Looping though a sequence allows you to perform the test for each item in the sequence:

Practice changing the condition to see different results.

Try:

- `letter.isupper()`
- `letter.islower()`
- `letter.isalpha()`

In [None]:
# sequence through the string
for letter in 'New Zealand!':
    # apply a test to each item in the string
    if ... :
        # perform an action is the test is True
        print(letter, end = '')

### List Comprehensions

- Now that you understand looping and conditionals, time for list comprehensions 
- List comprehensions quickly create new lists from existing lists (or other sequences/generators)
- The general syntax of a list comprehension is as follows:

> `[statement/expression for value in sequence/generator]`

The list comprehension above uses `[]`, just like a list, and will indeed return a list of values which meet the statement or expression indicated in the *first* part of the list comprehension.

In [None]:
# ask for each letter in "word"
# note that the results are a list
[letter for letter in 'word']

In [None]:
# for each letter in "New Zealand", give me the letter if is upper case
[letter for letter in "New Zealand" if letter.isupper()]

In [None]:
# for each token in the tokenized list created from "Hello World!", give me the token if it is alphanumeric
[token for token in nltk.word_tokenize("Hello World!") if token.isalpha()]

In [None]:
# for each token in the tokenized list created from "Hello World!", give me the token if it is alphanumeric
# also, lowercase the token
[token.lower() for token in nltk.word_tokenize("Hello World!") if token.isalpha()]

So, how to obtain a list of all tokens from TMOOM that are *not* punctuation? 

- Can you complete the list comprehension?
- The first ??? should be a call to `nltk.word_tokenize(tmoom)`
- The second ??? should be a testing if `word` is alphanumeric. 

In [None]:
# for each word in the tokenized version of TMOOM, give me the token if it is alphanumeric
tmoom_no_punc = [word for word in ??? if ???]

In [None]:
# we can plot this frequency - no more punctuation :) 
nltk.FreqDist(tmoom_no_punc).plot(10, percents = True)

Removing stopwords

You might also be only interested in removing all of the function words in a text. 

You can do so by defining a list of words you *don't* want, and asking for a list of all words but those. 

And, NLTK has a built-in list of stopwords!

In [None]:
nltk.download("stopwords")

In [None]:
# save the stopwords to an list
stopwords = nltk.corpus.stopwords.words('english')

In [None]:
# view the stopwords
stopwords

In [None]:
# give me the lower cased version of all tokens in the tokenized version of the text
tmoom_fdist_no_stopwords = nltk.FreqDist([token.lower() for token in nltk.word_tokenize(tmoom) 
# if the lowercased version of the text is NOT in stopwords
if token.lower() not in stopwords 
# and if the token is alphanumeric
and token.isalpha()])

In [None]:
# the plot looks much different now!
tmoom_fdist_no_stopwords.plot(10, percents = True)

## **Parts of Speech**

NLTK can also be used to tag the part of speech for words in your document. 


We can use the built in NLTK part of speech tagging function.

The function expects tokens:

> `nltk.pos_tag(tokens)`

The results will be a list of `(word,tag)` pairs (which incidently introduces you to another Python data structure, the tuple.)


In [None]:
# step 1: have some text
gc_quote = "You know, we're living in a society!
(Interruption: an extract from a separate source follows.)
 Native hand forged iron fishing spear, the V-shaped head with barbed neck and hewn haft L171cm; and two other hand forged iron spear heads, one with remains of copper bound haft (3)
We're supposed to act in a civilized way."

In [None]:
# step 2: tokenize
gc_quote_tokens = nltk.word_tokenize(gc_quote)

In [None]:
# step 3: tag
gc_quote_pos = nltk.pos_tag(gc_quote_tokens)

# look at the resulting (word, tag) pairs
[tagged for tagged in gc_quote_pos]

In [None]:
# full list of tags, with definitions and examples
nltk.help.upenn_tagset()

# **Frequency + Part of Speech**

If you've followed along so far, time for a bit more of an information dump.

Let's combine everything so far to find the frequency of various words *and* their part of speech

In [None]:
# use the tmoom text
tmoom[:25]

In [None]:
# tokenize
tmoom_tokens = nltk.word_tokenize(tmoom)

In [None]:
tmoom_pos = nltk.pos_tag(tmoom_tokens)

In [None]:
tmoom_pos[:10]

### Slicing

We need a way to access the first or second thing in these data

We can do so with slicing/indexing

In [None]:
slicing_example = ['one', 'two', 'three']

In [None]:
# the first thing is access with [0]
slicing_example[0]


In [None]:
# the second with [1]...
slicing_example[1]

In [None]:
# and so on...
slicing_example[2]

The pos tags are pairs like 

`(word, tag)`

So use [0] to get the word, and [1] to get the tag.

### Try it out on the TMOOM text.

- clean punctuation from the tagged text
- create a frequency distribution

In [None]:
# another (better) way to clean punctuation
punctuation = "'?.,[];:'`"
quotes = ['``', "''"]

# the [0] is a slice which says index the first thing in the list
tmoom_clean = [pair for pair in tmoom_pos if pair[0] not in punctuation and pair[0] not in quotes]

In [None]:
tmoom_clean[:10]

In [None]:
tmoom_combined_fdist = nltk.FreqDist(tmoom_clean)

In [None]:
tmoom_combined_fdist.plot(5)

In [None]:
tmoom_pos_fdist = nltk.FreqDist([pair[1] for pair in tmoom_clean])

In [None]:
tmoom_pos_fdist.plot(percents = True)